I had to ask him what that meant. 😀 Here’s a link, explaining cavitation in a well pump.

It’s more of a symptom than a cause, but can damage the pump.

And it can be caused by a problem with the foot valve, just as my brother has suggested.

We talked about it, but there wasn’t much he could do to tell me more. Given the age of the pump, he recommended we just replace it. A deep well pump like this one will cost about $550, he says. And that’s just the cost of the pump. I would imagine it would take at least a couple of hours to install it.

It will have to wait.

Until then, we will have to make sure not to have run water faster than the pump can fill the pressure tank.
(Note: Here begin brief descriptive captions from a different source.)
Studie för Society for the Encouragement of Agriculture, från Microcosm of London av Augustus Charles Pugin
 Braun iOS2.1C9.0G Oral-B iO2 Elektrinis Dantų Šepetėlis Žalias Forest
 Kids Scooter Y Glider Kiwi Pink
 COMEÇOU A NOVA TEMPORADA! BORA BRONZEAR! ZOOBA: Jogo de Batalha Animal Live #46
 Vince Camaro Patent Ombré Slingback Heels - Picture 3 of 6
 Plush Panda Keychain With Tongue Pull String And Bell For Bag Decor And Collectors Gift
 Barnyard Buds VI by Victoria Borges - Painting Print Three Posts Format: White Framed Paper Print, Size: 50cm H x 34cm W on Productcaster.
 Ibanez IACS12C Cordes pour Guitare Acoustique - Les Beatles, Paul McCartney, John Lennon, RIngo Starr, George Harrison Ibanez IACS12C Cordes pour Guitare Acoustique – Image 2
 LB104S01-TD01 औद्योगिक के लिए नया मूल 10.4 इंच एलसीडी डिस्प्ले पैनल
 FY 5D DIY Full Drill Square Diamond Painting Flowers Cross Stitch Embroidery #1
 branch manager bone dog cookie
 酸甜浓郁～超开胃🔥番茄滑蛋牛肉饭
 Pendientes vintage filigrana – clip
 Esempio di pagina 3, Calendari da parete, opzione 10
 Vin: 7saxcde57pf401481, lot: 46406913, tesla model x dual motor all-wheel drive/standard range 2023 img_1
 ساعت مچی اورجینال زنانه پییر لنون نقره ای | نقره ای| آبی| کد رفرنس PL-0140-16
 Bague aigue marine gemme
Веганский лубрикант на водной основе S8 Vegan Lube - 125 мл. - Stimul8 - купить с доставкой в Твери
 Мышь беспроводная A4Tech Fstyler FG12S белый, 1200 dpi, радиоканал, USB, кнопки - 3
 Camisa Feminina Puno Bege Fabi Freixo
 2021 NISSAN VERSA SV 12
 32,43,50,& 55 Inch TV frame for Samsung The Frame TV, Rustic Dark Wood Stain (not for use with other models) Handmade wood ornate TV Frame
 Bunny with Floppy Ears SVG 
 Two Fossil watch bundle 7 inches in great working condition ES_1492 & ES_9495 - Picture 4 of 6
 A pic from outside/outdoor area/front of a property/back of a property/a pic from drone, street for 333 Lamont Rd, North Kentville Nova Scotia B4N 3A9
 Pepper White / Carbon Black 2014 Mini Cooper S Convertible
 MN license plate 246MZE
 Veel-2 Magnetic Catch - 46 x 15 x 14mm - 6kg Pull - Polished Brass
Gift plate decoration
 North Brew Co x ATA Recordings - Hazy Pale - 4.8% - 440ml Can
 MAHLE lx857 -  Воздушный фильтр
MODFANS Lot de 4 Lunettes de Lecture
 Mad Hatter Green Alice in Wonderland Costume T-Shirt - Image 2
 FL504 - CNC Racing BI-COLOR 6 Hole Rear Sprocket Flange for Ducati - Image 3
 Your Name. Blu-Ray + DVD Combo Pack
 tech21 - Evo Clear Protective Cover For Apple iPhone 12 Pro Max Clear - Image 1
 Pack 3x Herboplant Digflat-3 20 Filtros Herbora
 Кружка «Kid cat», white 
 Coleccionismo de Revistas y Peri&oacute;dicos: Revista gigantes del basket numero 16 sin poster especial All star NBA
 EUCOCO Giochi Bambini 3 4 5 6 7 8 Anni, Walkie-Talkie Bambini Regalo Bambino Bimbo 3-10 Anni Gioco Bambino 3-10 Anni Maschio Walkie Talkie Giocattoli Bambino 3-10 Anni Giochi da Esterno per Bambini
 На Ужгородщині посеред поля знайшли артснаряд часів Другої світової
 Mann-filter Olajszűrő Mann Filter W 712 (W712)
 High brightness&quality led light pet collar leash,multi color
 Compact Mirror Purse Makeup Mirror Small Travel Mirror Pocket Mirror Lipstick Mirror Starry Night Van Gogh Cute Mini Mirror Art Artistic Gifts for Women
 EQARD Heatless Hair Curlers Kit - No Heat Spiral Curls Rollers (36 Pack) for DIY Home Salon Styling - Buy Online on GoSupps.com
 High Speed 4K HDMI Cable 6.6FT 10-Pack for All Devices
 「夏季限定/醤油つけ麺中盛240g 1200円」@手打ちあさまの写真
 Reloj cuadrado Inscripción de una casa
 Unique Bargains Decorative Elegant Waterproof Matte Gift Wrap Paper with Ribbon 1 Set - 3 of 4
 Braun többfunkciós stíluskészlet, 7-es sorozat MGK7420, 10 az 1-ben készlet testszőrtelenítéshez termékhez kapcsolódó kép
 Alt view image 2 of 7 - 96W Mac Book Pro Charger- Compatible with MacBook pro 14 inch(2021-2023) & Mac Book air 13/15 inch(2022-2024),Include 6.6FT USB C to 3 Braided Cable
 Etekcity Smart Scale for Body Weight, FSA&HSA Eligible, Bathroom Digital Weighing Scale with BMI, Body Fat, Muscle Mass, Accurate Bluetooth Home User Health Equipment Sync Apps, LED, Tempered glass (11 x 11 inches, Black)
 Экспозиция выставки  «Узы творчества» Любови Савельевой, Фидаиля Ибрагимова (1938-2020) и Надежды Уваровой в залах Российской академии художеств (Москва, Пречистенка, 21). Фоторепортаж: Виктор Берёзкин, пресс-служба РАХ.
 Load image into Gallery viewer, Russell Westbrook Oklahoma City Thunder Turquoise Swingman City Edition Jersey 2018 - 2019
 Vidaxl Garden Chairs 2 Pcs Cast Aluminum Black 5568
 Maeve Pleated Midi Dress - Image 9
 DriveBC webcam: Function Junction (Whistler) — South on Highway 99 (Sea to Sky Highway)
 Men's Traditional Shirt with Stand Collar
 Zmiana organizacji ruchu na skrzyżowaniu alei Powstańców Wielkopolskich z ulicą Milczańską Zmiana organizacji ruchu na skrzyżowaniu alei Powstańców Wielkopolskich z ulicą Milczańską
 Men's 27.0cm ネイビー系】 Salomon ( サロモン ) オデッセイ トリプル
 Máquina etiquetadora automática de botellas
As the tank was filling, he asked if we were good with doing the rest ourselves; waiting for it to fill, making sure the air was out of the pipes, etc., before finally turning the breaker back on. I assured him we were, so he left soon after.

The last time he was out, changing the thermostat on the hot water tank, before we discovered it was leaking at the bottom, he never charged us for the work, since he figured he would be back. So today, I got a total for last time, and this time.

It still only came out to a couple of hundred dollars. Plus, I can wait until the end of the month to pay him.

What a sweetheart!

Once he was gone, I went back to the tank. The pump was still running and making that noise, so I shut off the valve to the tank. The pump started running smoothly almost right away, so for the next while I would turn the valve on and let the hot water tank fill until I could hear a change in the sound the pump was making, then close the valve, giving the pump time to catch up. That went rather smoothly. Once it was full and we made sure all the taps were clear of air, I flipped the breaker to heat the water.

We now have hot water again!

Yay!

While all this was going on, my darling daughters did some bread baking, so this evening we got to enjoy tea with fresh baked bread, while watching episodes of The Edwardian Farm on Tubi.

A great way to close off the day!

I look forward to having a boring day tomorrow! 😀

The Re-Farmer

3 thoughts on “Ups and downs and ups

  1. Hang in there. Maybe this is the start of things staying on an upward swing for you. 🙂

    You were right about that meeting being needed and your mom absolutely needing to be there also. As for location, I’d go for neutral ground like a restaurant. Since it’s public, it also deters needless theatrics and drama.